What are the chances of Random.NextDouble being exactly 0?

What are the chances of Random.NextDouble being exactly 0? - c#

The documentation of Random.NextDouble():
Returns a random floating-point number that is greater than or equal to 0.0, and less than 1.0.
So, it can be exactly 0. But what are the chances for that?
var random = new Random();
var x = random.NextDouble()
if(x == 0){
// probability for this?
}
It would be easy to calculate the probability for Random.Next() being 0, but I have no idea how to do it in this case...

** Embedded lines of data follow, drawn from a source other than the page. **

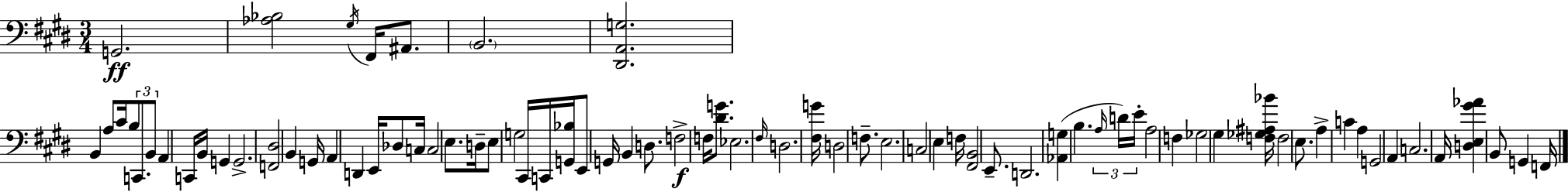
G2/h. [Ab3,Bb3]/h G#3/s F#2/s A#2/e. B2/h. [D#2,A2,G3]/h. B2/q A3/e C#4/s B3/e C2/e. B2/e A2/q C2/s B2/s G2/q G2/h. [F2,D#3]/h B2/q G2/s A2/q D2/q E2/s Db3/e C3/s C3/h E3/e. D3/s E3/e G3/h C#2/s C2/s [G2,Bb3]/s E2/e G2/s B2/q D3/e. F3/h F3/s [D#4,G4]/e. Eb3/h. F#3/s D3/h. [F#3,G4]/s D3/h F3/e. E3/h. C3/h E3/q F3/s [F#2,B2]/h E2/e. D2/h. [Ab2,G3]/q B3/q. A3/s D4/s E4/s A3/h F3/q Gb3/h G#3/q [F3,Gb3,A#3,Bb4]/s F3/h E3/e. A3/q C4/q A3/q G2/h A2/q C3/h. A2/s [D3,E3,G#4,Ab4]/q B2/e G2/q F2/s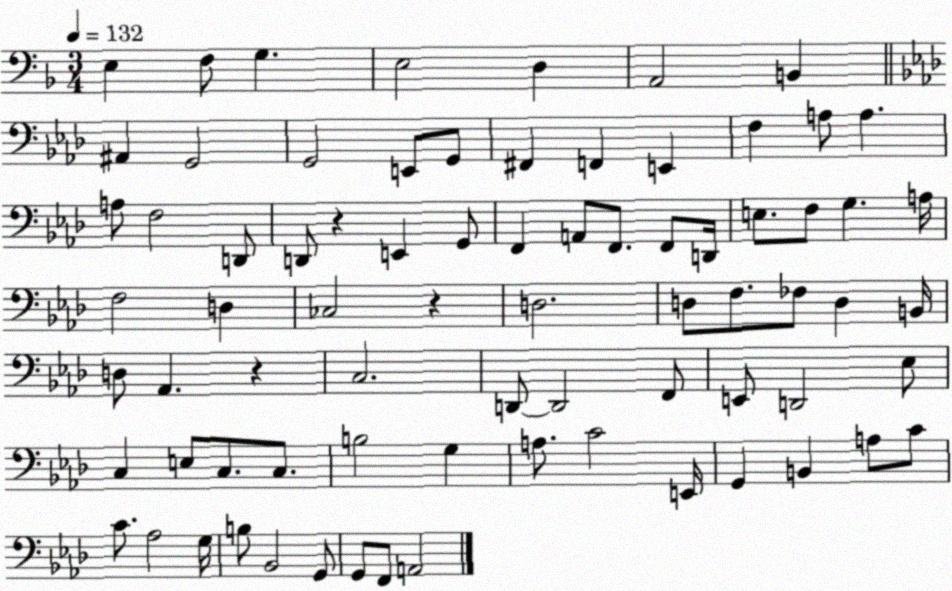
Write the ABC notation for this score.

X:1
T:Untitled
M:3/4
L:1/4
K:F
E, F,/2 G, E,2 D, A,,2 B,, ^A,, G,,2 G,,2 E,,/2 G,,/2 ^F,, F,, E,, F, A,/2 A, A,/2 F,2 D,,/2 D,,/2 z E,, G,,/2 F,, A,,/2 F,,/2 F,,/2 D,,/4 E,/2 F,/2 G, A,/4 F,2 D, _C,2 z D,2 D,/2 F,/2 _F,/2 D, B,,/4 D,/2 _A,, z C,2 D,,/2 D,,2 F,,/2 E,,/2 D,,2 _E,/2 C, E,/2 C,/2 C,/2 B,2 G, A,/2 C2 E,,/4 G,, B,, A,/2 C/2 C/2 _A,2 G,/4 B,/2 _B,,2 G,,/2 G,,/2 F,,/2 A,,2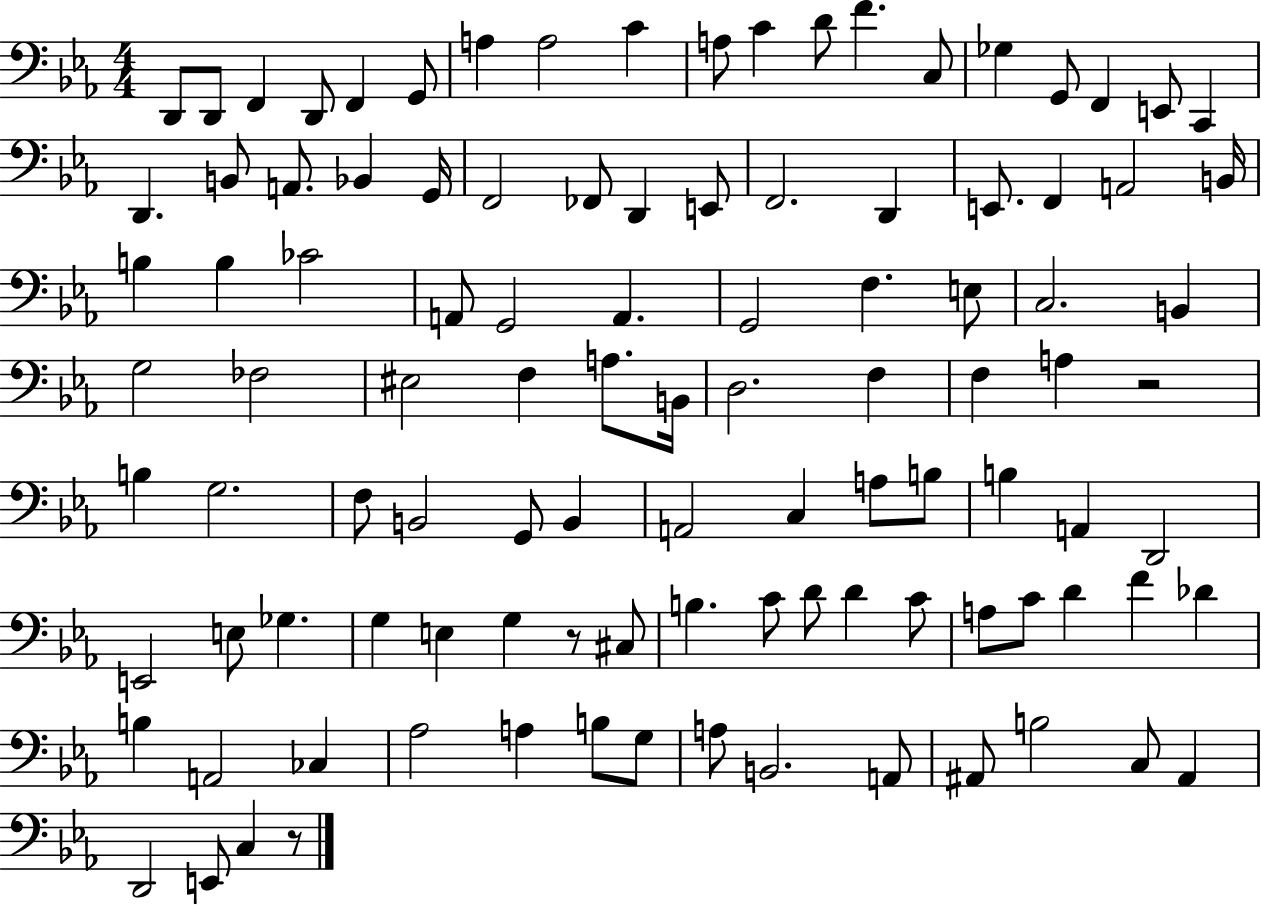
D2/e D2/e F2/q D2/e F2/q G2/e A3/q A3/h C4/q A3/e C4/q D4/e F4/q. C3/e Gb3/q G2/e F2/q E2/e C2/q D2/q. B2/e A2/e. Bb2/q G2/s F2/h FES2/e D2/q E2/e F2/h. D2/q E2/e. F2/q A2/h B2/s B3/q B3/q CES4/h A2/e G2/h A2/q. G2/h F3/q. E3/e C3/h. B2/q G3/h FES3/h EIS3/h F3/q A3/e. B2/s D3/h. F3/q F3/q A3/q R/h B3/q G3/h. F3/e B2/h G2/e B2/q A2/h C3/q A3/e B3/e B3/q A2/q D2/h E2/h E3/e Gb3/q. G3/q E3/q G3/q R/e C#3/e B3/q. C4/e D4/e D4/q C4/e A3/e C4/e D4/q F4/q Db4/q B3/q A2/h CES3/q Ab3/h A3/q B3/e G3/e A3/e B2/h. A2/e A#2/e B3/h C3/e A#2/q D2/h E2/e C3/q R/e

As mentioned in comments, it depends on internal implementation of NextDouble. In "old" .NET Framework, and in modern .NET up to version 5, it looks like this:
protected virtual double Sample() {
return (InternalSample()*(1.0/MBIG));
}
InternalSample returns integer in 0 to Int32.MaxValue range, 0 included, int.MaxValue excluded. We can assume that the distribution of InternalSample is uniform (in the docs for Next method, which just calls InternalSample, there are clues that it is, and it seems there is no reason to use non-uniform distribution in general-purpose RNG for integers). That means every number is equally likely. Then, we have 2,147,483,647 numbers in distribution, and the probability to draw 0 is 1 / 2,147,483,647.
In modern .NET 6+ there are two implementations. First is used when you provide explicit seed value to Random constructor. This implementation is the same as above, and is used for compatibility reasons - so that old code relying on the seed value to produce deterministic results will not break while moving to the new .NET version.
Second implementation is a new one and is used when you do NOT pass seed into Random constructor. Source code:
public override double NextDouble() =>
// As described in http://prng.di.unimi.it/:
// "A standard double (64-bit) floating-point number in IEEE floating point format has 52 bits of significand,
// plus an implicit bit at the left of the significand. Thus, the representation can actually store numbers with
// 53 significant binary digits. Because of this fact, in C99 a 64-bit unsigned integer x should be converted to
// a 64-bit double using the expression
// (x >> 11) * 0x1.0p-53"
(NextUInt64() >> 11) * (1.0 / (1ul << 53));
We first obtain random 64-bit unsigned integer. Now, we could multiply it by 1 / 2^64 to obtain double in 0..1 range, but that would make the resulting distribution biased. double is represented by 53-bit mantissa (52 bits are explicit and one is implicit) ,exponent and sign. For all integer values exponent is the same, so that leaves us with 53 bits to represent integer values. But we have 64-bit integer here. This means integer values less than 2^53 can be represented exactly by double but bigger integers can not. For example:
ulong l1 = 1ul << 53;
ulong l2 = l1 + 1;
double d1 = l1;
double d2 = l2;
Console.WriteLine(d1 == d2);
Prints "true", so two different integers map to the same double value. That means if we just multiply our 64-bit integer by 1 / 2^64 - we'll get a biased non-uniform distribution, because many integers bigger than 2^53-1 will map to the same values.
So instead, we throw away 11 bits, and multiply the result by 1 / 2^53 to get uniform distibution in 0..1 range. The probability to get 0 is then 1 / 2^53 (1 / 9,007,199,254,740,992). This implementation is better than the old one, because is provides much more different doubles in 0 .. 1 range (2^53 compared to 2^32 in old one).
You also asked in comments:
If one knows how many numbers there are between 0 inclusive and 1
exclusive (according to IEEE 754), it would be possible to answer the
'probability' question, because 0 is one of all of them
That's not so. There are actually more than 2^53 representable numbers between 0..1 in IEEE 754. We have 52 bits of mantissa, then we have 11 bits of exponent, half of which is for negative exponents. Almost all negative exponents (rougly half of that 11 bit range) combined with mantissa gives us distinct value in 0..1 range.
Why we can't use full 0..1 range which IEEE allows us to generate random number? Because this range is not uniform (like the full double range is not uniform itself). For example there are more representable numbers in 0 .. 0.5 range than in 0.5 .. 1 range.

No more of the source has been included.